# Wanted Pashley PDQ



## Crackle (6 Mar 2008)

Looking to try out recumbents and see if they suit me. I've identified the PDQ as a good one to try.

So if anyone's got one, I'd be interested. Basically in any condition so long as the frame is sound.

Thanks


----------



## Crackle (17 Mar 2008)

Gentle bump, just in case.


----------



## Amanda P (28 Mar 2008)

Mrs Uncle Phil has a PDQ. While I don't think she'll want to sell it, you're welcome to try a day's ride on it.

The catch is: it's in Yorkshire and needs to stay there. But if you're passing...


----------



## Crackle (28 Mar 2008)

That's a kind offer. I might well take you up on it when I'm next down that way.

...and if she does want to sell it......remember me.


----------



## Amanda P (28 Mar 2008)

I've seen one on a classifieds page somewhere recently. Keep looking.

Might have been Velovision classifieds, or A to B... somewhere like that.


----------



## ufkacbln (2 Apr 2008)

Velovision has one......

Velovision for sale link


----------



## Crackle (25 Apr 2008)

Thanks Cunobelin, Uncle Phil alerted me to that but it's just way too far away for me to get down too.

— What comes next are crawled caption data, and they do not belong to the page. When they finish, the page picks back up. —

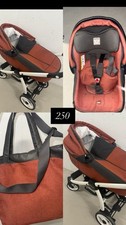 Kinderwagen Peg Perego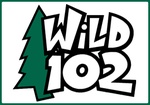 WILD 102 - KCAJ-FM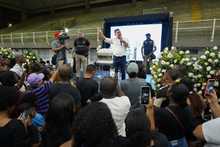 Pa&rsquo; Cali, se propone como tema de la Feria de Cali 2023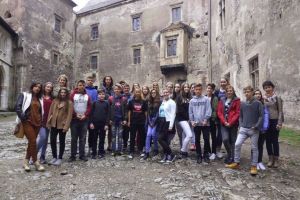 Cugirul, partener cu oraşul german Wasserburg – Germania, la proiectul ,,Școala de vară ,,Einen Kreativen Sommer”, pentru învăţarea limbii germane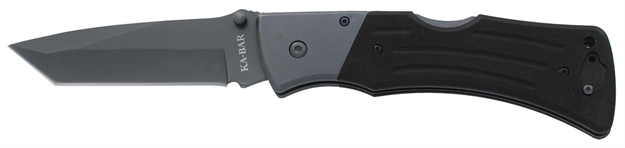 Picture of Ka-Bar Knives Inc G10 Mule Folder 3.9375" Tanto 2-3064-6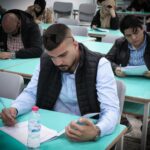 The Final Exam In Radiology Of The Faculty of Medicine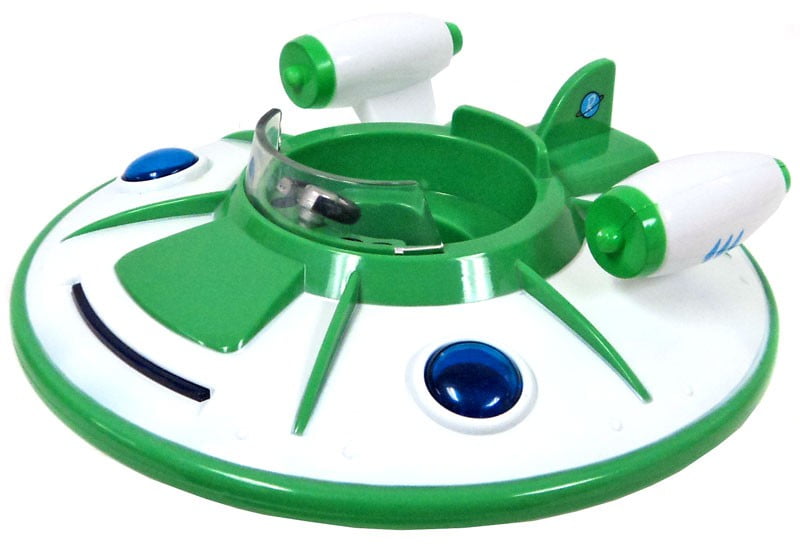 ryan's world spaceship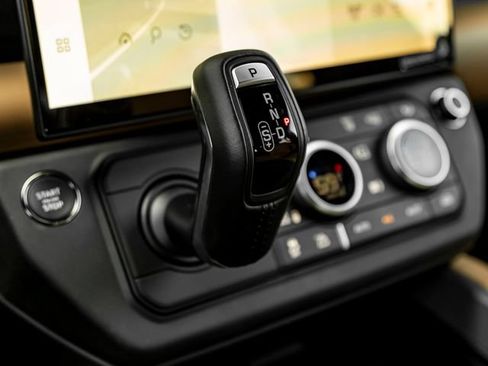 New 2026 Land Rover Defender 110 S AWD/4WD image 24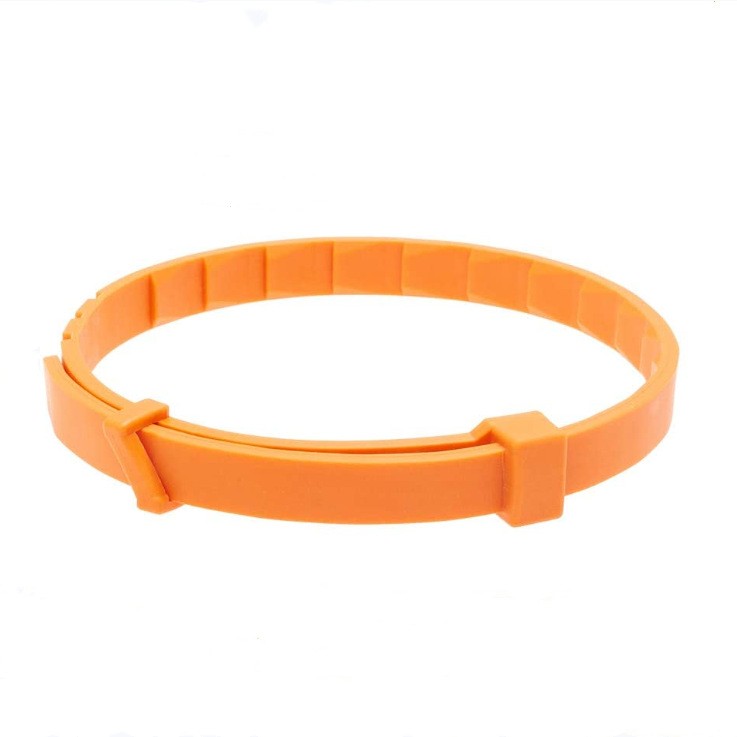 Flea and Tick Pet Collar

Edit: This was when I was up in the Highlands of Scotland.


----------



## Crackle (2 Sep 2009)

Still looking.


----------



## Campfire (14 Sep 2009)

Crackle, there's a guy on the Wirral who sells recumbents. I did have his email address somewhere but just can't remember - heck, it must be my age 'cos I've just remembered - it's Rainbow Recumbents I think. Perhaps he might take them in PX & can look out for one for you.


----------



## Crackle (14 Sep 2009)

Is there. I didn't know there was anyone on the Wirral dealing in recumbents. Tah, I'll look them up.


----------



## Campfire (22 Sep 2009)

Crackle, I'm sure I saw a PDQ trike on Ebay - but don't know whether you wanted a 2 wheeler.


----------



## Crackle (22 Sep 2009)

Thanks campfire, it was a two wheeler. Haven't seen one on e-bay for a good while.


----------